The data below should be copied out exactly, with its pictures omitted.
═══ Excerpted records ═══
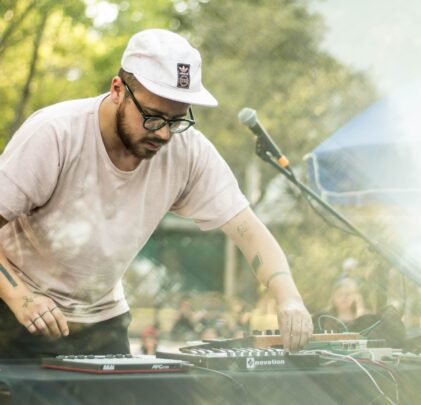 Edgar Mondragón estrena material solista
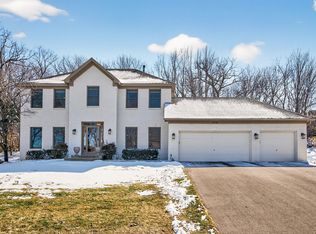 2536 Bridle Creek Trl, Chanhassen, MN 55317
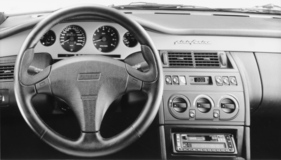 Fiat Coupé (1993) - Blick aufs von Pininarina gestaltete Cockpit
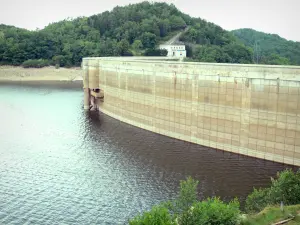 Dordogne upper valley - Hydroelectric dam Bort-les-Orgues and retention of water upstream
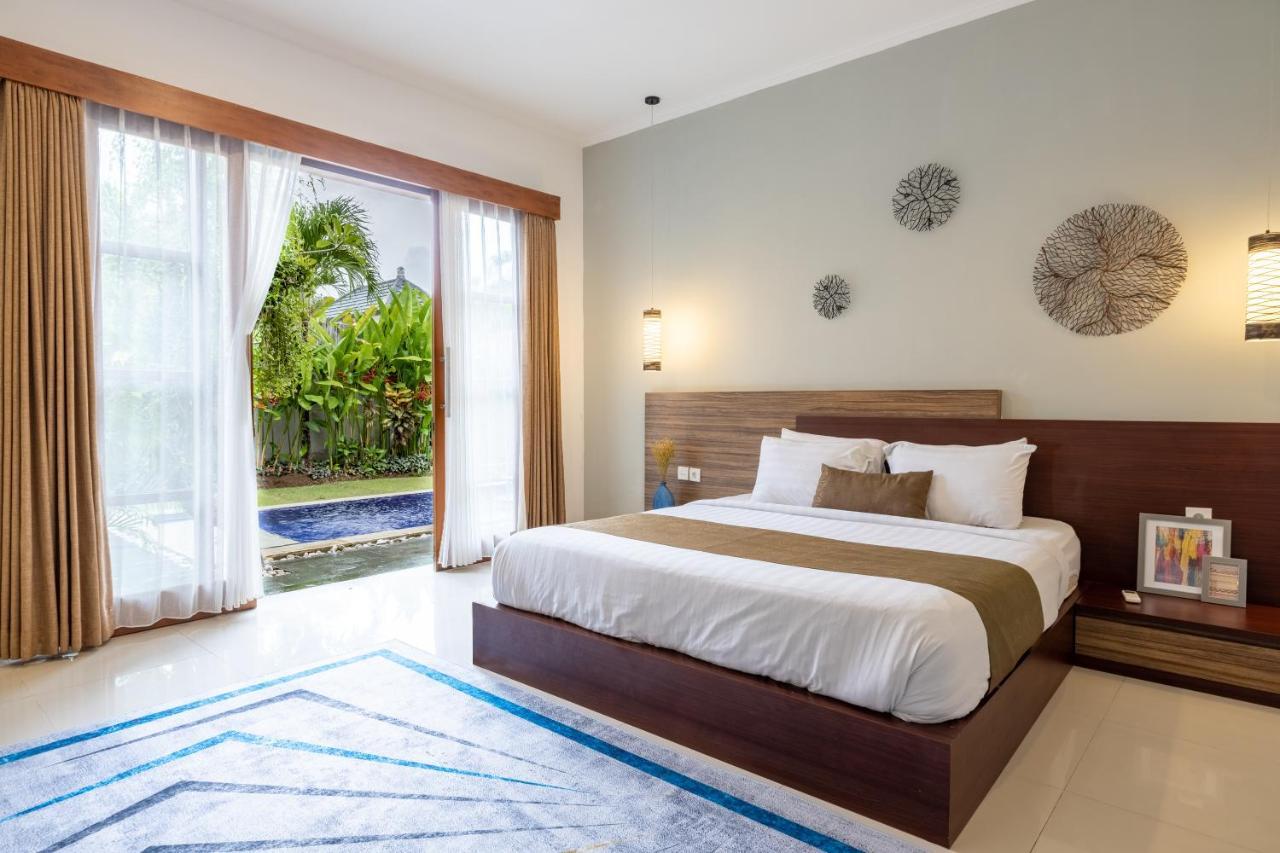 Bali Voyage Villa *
═══
Answer to the problem:
 Edgar Mondragón estrena material solista
 2536 Bridle Creek Trl, Chanhassen, MN 55317
 Fiat Coupé (1993) - Blick aufs von Pininarina gestaltete Cockpit
 Dordogne upper valley - Hydroelectric dam Bort-les-Orgues and retention of water upstream
 Bali Voyage Villa *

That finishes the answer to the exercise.